Okay. So you got this phone call from one of your clients who had a data breach that was reported to OCR. They said expect a call from X company, they will be contacting you to schedule a HIPAA audit. You’ve never been audited before and you have no idea what to expect or have for them when they show up on your doorstep. What can you do? Do as much pre-digging as you can.
Remember how serious this is. OCR (Office of Civil Rights) can fine you up to $15 million per year for any violation whether it was your fault or not.
Things you need that are helpful
Internal Risk Analysis & Remediation program
Before someone on the outside looks to audit you, it’s always best to audit yourself first. There are great online products out there that help you perform your own risk assessments and remediate any vulnerabilities you might find. Also they can help you present information to the auditors coming in not to mention knowing you have audited yourself will definitely put you more at ease when they arrive. If you have had a 3rd party risk assessment performed, break out all of your documentation.
Policy and Procedure Documentation
All of these areas should have good documentation as to policies regarding and procedures explaining how to handle them:
General Privacy Practices
Privacy notices need to be distributed to patients in order to cover the different ways in which your personal information will be handled. Both your website privacy policy and privacy notice should instruct patients on how their data is used and what kind of contact they will receive if they consent.
Breach Notifications
Anytime there is a breach of security, notifications must be sent to the proper people and within a reasonable time. These policies and procedures must contain the requirements specified in the Breach Notification Rule
Decommissioning hardware and disposing of sensitive data (PHI)
When electronic hardware expires and will no longer be used, it’s vital to erase the data securely and permanently as well as to make sure physical records are destroyed securely and properly.
Password management
Have policies and procedures in place that handle these scenarios: creating passwords, changing them periodically (but not too often), preventing password sharing, and the writing down and storing physical captures of passwords.
Termination of employees
Written documentation of procedures handling employee termination as well as any employee leaving for any reason.
List of all Business Associates
You will need to compile a list of all business associates. Make sure all contact information is up to date. The OCR will use your list to select BAs for audits depending on data they share with you.
Hardware Inventory
You are also required to maintain an inventory of all electronic hardware that is used to store, transmit, access or copy data. Any equipment with a hard drive or other data storage device must be included. This includes all PCs, laptops, portable storage devices, printers, copiers, fax machines, etc.

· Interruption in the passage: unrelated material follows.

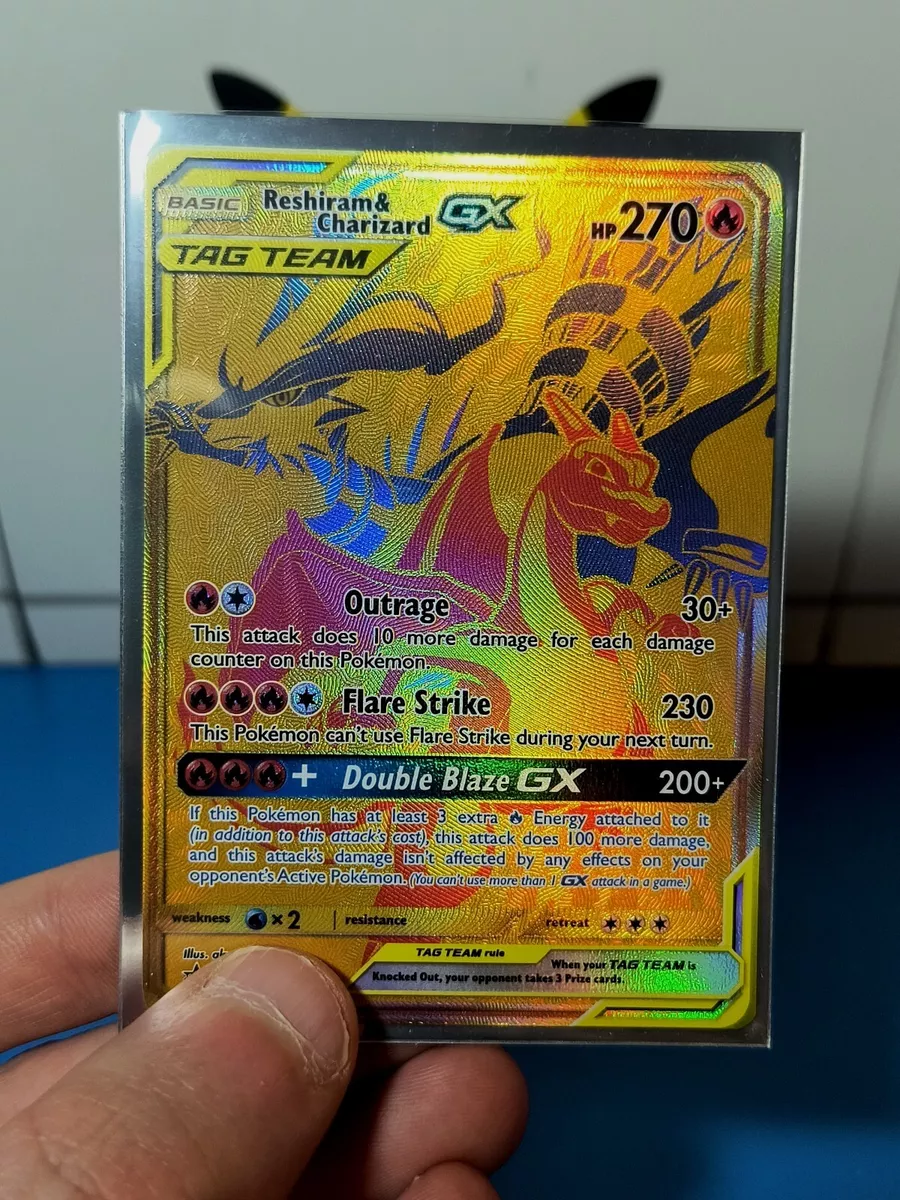 Pokemon Card Gold Reshiram & Charizard GX SM247 Promo, Hobbies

Documentation on staff training
All of your staff needs proper training regarding HIPAA’s Privacy and Security Rules and how they are responsible for keeping these standards. This must be documentated for each employee and signed off on that is has been received and understood.

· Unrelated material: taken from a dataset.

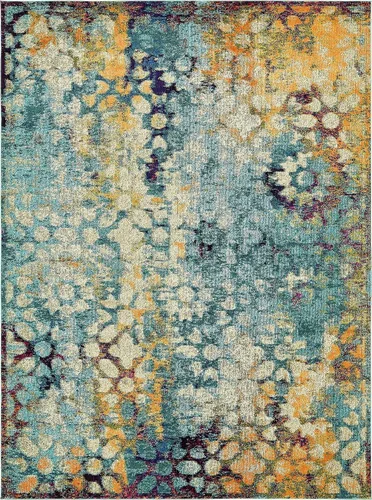 Vista 28 de Unique Loom Vita Collection - Alfombra tradicional saturada de medallones florales saturados sobre teñidos, 2 pies 2 pulgadas x 3 pies, azul Azul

Tips for Completing HIPAA Audits on-time and without any major issues
Documentation Documentation Documentation. Preparation ahead of time is number key. Make relevant staff aware that an audit is happening soon and make sure they are available to answer questions if needed. Get their brains in the right mindset. They could help remind you of things that you forget.
Conclusion
If you don’t know much about HIPAA before an audit you will certainly know a lot more after the auditors leave. If you stay on top of your vulnerabilities and policy and procedure documentation, you will certainly breathe easier while they are auditing and feel confident when they leave that you won’t see them for a long time.